Facteurs et critères

Résumé des données justificatives

Note

Gestion (15 %)

a) Un cadre de responsabilisation, un plan d’action et des mécanismes de reddition de comptes sont en place.
(5 %)

Les différentes politiques de l'Agence de promotion économique du Canada atlantique (APECA) décrivent les rôles et responsabilités en matière de langues officielles (LO) et les modalités d'exécution des obligations prévues à la Loi sur les langues officielles (la Loi). L’APECA a établi un cadre de responsabilisation qui démontre la structure hiérarchique du dossier des LO à l’Agence et responsabilise des individus clés pour la gouvernance du dossier. De plus, les langues officielles font partie intégrale de l’architecture des activités de programme de l’APECA et s’intègrent comme sous‑activité de programme au sein de la Directiondu développement des collectivités.

Le Plan d'action pour les parties IV, V, VI et VII approuvé par la haute gestion contient les objectifs à atteindre, les activités prévues et les échéanciers. L'atteinte des objectifs du Plan d'action est mesurée dans le Bilan annuel (bilan quantitatif) sur les LO soumis à l'Agence de la fonction publique du Canada (AFPC) et signé par la présidente. La Direction du développement des collectivités (responsable de l'article 41) remet aussi un plan d'action couvrant une période de trois ans pour la partie VII à Patrimoine canadien, ainsi qu’un état des réalisations annuel. Ces deux documents sont également signés par la présidente de l’Agence.

Les directeurs généraux et le groupe exécutif ont dans leurs contrats une clause de rendement portant sur les LO. Le Comité interne des LO joue un rôle important de coordination et de surveillance de l'application du Programme des LO au sein de l'APECA.

A

b) Visibilité des langues officielles dans l’organisation (5 %)

Le Rapport sur les plans et priorités 2007-2008 fait mention des responsabilités quant à l'article 41 de la Loi.
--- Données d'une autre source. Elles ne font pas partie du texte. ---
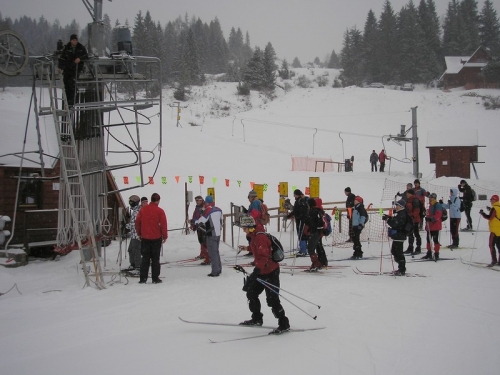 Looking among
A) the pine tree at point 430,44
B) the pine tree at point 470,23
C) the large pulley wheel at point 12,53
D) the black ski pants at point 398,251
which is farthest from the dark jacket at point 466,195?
the pine tree at point 470,23

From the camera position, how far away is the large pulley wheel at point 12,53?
859cm

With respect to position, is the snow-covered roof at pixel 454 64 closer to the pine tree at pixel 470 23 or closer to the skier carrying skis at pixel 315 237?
the pine tree at pixel 470 23

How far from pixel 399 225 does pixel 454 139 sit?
2481cm

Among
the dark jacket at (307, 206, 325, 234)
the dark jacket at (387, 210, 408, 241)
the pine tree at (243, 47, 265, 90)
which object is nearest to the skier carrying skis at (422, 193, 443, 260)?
the dark jacket at (387, 210, 408, 241)

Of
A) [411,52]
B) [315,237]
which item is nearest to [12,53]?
[315,237]

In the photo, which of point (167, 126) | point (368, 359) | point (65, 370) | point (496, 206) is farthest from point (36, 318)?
point (167, 126)

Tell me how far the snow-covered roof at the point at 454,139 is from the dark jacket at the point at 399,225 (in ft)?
78.1

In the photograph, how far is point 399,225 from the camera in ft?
32.4

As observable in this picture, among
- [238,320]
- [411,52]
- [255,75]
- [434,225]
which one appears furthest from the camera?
[411,52]

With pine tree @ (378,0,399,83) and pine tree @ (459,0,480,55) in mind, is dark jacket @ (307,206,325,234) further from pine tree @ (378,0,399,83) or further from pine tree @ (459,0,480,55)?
pine tree @ (459,0,480,55)

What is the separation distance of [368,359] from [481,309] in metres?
3.08

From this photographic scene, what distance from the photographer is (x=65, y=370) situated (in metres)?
4.98

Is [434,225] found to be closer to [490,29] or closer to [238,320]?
[238,320]

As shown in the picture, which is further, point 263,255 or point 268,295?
point 263,255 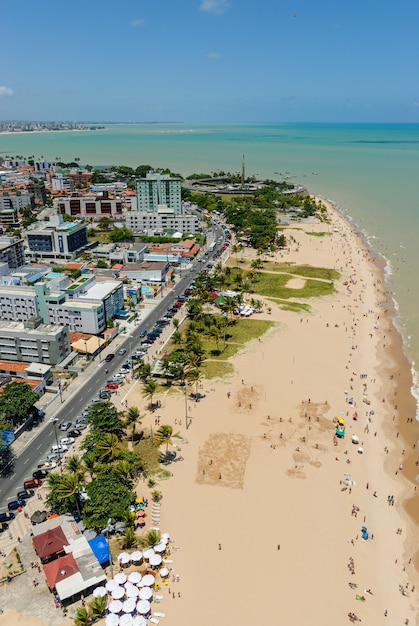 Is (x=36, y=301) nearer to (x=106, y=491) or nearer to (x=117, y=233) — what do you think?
(x=106, y=491)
Le Rapport sur le rendement 2006-2007 consacre aussi une section aux LO. La Direction de la vérification intègre les langues officielles dans son cadre d’activités.

Le vice-président du Nouveau-Brunswick est le champion des langues officielles. Celui-ci fait partie du Comité exécutif de l’Agence. Le champion est assisté par un co-champion. Ce co-champion est le directeur des communications en Nouvelle-Écosse.
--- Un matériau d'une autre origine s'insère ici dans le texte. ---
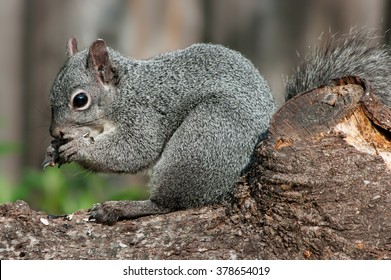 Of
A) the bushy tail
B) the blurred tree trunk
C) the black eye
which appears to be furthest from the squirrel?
the blurred tree trunk

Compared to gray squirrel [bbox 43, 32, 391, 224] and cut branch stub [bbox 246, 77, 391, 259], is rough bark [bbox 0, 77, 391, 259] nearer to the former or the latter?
cut branch stub [bbox 246, 77, 391, 259]

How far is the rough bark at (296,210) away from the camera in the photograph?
9.36ft

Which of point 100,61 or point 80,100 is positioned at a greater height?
point 100,61

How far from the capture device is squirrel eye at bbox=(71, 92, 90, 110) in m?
3.49

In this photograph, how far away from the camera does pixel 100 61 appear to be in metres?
3.54

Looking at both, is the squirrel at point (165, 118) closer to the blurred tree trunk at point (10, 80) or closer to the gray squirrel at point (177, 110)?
the gray squirrel at point (177, 110)

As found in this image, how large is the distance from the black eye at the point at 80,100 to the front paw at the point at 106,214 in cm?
51

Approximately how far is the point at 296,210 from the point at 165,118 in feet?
2.92

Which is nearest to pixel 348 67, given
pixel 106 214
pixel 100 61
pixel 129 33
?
pixel 100 61

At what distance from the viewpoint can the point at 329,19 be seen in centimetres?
579

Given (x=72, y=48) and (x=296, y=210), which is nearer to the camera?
(x=296, y=210)

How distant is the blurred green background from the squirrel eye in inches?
90.9

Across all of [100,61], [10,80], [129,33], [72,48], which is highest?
[129,33]

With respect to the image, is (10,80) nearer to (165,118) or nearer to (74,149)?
(74,149) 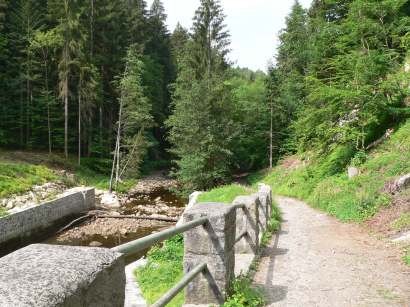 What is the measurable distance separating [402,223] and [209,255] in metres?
6.71

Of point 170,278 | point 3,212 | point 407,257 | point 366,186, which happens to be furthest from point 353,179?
point 3,212

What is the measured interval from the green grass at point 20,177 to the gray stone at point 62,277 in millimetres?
19009

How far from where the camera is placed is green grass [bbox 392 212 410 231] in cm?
869

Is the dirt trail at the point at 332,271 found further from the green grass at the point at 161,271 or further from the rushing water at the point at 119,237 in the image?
→ the rushing water at the point at 119,237

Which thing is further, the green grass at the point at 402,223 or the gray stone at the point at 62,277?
the green grass at the point at 402,223

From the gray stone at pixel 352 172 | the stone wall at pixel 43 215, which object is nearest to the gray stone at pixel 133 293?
the stone wall at pixel 43 215

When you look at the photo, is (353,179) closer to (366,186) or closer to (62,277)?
(366,186)

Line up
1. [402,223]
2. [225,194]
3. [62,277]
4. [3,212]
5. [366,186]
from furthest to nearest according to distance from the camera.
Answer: [3,212] < [225,194] < [366,186] < [402,223] < [62,277]

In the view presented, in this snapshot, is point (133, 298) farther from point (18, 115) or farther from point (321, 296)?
point (18, 115)

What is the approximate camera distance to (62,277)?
1.48m

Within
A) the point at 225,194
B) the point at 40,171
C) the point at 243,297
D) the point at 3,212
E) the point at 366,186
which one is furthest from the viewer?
the point at 40,171

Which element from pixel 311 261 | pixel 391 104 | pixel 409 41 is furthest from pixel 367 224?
pixel 409 41

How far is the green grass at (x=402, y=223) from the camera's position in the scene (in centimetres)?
869

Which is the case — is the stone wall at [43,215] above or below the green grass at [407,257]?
below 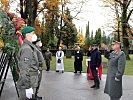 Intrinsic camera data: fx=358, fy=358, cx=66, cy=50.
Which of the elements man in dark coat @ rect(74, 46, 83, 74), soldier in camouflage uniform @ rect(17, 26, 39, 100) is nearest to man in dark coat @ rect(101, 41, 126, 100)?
soldier in camouflage uniform @ rect(17, 26, 39, 100)

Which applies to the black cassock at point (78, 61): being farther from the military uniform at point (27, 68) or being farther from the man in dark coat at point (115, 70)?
the military uniform at point (27, 68)

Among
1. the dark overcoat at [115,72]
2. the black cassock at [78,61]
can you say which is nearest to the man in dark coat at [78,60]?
the black cassock at [78,61]

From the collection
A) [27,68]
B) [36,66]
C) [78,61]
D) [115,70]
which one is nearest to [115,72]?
[115,70]

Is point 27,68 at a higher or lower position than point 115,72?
higher

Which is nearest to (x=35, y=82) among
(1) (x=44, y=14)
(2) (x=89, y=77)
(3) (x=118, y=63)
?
(3) (x=118, y=63)

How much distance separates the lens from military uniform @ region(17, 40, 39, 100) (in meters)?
6.23

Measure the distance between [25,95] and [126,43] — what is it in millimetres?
40283

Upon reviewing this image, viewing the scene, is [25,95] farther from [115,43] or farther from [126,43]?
[126,43]

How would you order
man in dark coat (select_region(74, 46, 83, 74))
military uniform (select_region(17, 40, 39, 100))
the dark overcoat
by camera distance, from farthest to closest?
man in dark coat (select_region(74, 46, 83, 74)) < the dark overcoat < military uniform (select_region(17, 40, 39, 100))

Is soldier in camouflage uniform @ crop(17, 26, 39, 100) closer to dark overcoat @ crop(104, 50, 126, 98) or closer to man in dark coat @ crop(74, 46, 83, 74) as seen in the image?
dark overcoat @ crop(104, 50, 126, 98)

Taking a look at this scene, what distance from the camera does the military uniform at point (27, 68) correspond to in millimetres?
6227

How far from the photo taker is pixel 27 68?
6.26 meters

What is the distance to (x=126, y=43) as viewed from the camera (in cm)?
4578

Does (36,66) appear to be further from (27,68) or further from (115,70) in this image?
(115,70)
Les diverses activités liées aux LO font l'objet de discussion aussi bien au Comité exécutif de l'Agence qu'aux comités de gestion des bureaux régionaux. La présidente a intégré la promotion des LO en milieu de travail et la prestation de services à son entente sur la gestion du rendement. La présidente participe au Comité des sous-ministres adjoints auquel siège le vice-président de l'APECA, Nouveau-Brunswick.
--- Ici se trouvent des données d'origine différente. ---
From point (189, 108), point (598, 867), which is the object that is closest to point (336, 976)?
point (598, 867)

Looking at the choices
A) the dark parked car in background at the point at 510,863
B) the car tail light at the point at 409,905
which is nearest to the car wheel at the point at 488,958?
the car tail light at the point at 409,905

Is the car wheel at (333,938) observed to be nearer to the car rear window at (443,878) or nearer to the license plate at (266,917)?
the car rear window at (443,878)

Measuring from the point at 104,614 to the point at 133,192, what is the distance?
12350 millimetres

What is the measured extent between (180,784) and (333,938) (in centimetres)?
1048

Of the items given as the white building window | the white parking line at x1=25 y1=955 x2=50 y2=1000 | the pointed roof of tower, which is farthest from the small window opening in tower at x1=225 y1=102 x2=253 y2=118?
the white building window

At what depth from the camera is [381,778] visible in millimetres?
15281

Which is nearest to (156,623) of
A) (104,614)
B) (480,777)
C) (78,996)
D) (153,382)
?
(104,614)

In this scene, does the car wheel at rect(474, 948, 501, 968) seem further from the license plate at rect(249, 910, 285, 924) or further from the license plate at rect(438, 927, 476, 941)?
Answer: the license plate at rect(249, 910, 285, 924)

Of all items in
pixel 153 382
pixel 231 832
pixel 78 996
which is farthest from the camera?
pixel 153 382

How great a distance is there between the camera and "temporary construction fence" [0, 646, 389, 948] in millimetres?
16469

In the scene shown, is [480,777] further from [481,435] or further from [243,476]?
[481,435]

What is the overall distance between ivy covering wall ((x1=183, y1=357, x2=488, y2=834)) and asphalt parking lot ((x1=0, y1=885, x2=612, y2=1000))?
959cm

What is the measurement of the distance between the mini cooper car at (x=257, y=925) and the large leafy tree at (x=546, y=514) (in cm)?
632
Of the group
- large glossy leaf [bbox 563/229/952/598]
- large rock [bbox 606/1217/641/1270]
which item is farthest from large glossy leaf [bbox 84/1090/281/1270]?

Il existe un réseau de champions des LO provenant de toutes les régions de l'Atlantique et du siège social. Un comité formé de ces champions et des représentants des directions générales des ressources humaines (parties IV, V et VI), de la Direction du développement des collectivités (partie VII) du siège social et des régions ainsi que des conseillères en ressources humaines a également été mis sur pied. Cette équipe, composée de 16 personnes, a pour objectif de promouvoir le Programme des LO, de favoriser la création d'une culture institutionnelle sensible aux LO et d'assurer une approche collaborative dans l'intégration des LO dans les activités de l'APECA.

A

c) Les plaintes et les suivis (5 %)

Le processus de gestion des plaintes fait appel à la participation des gestionnaires et, selon le cas, des responsables des directions du développement des collectivités, des ressources humaines et des services juridiques. Ce processus favorise le partage de l'information afin d'éviter la répétition des problèmes. Des rapports sur la nature des plaintes et sur les mesures entreprises sont aussi envoyés à la gestion. Il existe une directive spécifique concernant les plaintes au sujet de la langue de travail.

A

Sous-­total :

A

Service au public -Partie IV (25 %)

a) Services bilingues annoncés au public et effectif bilingue adéquat (3 %)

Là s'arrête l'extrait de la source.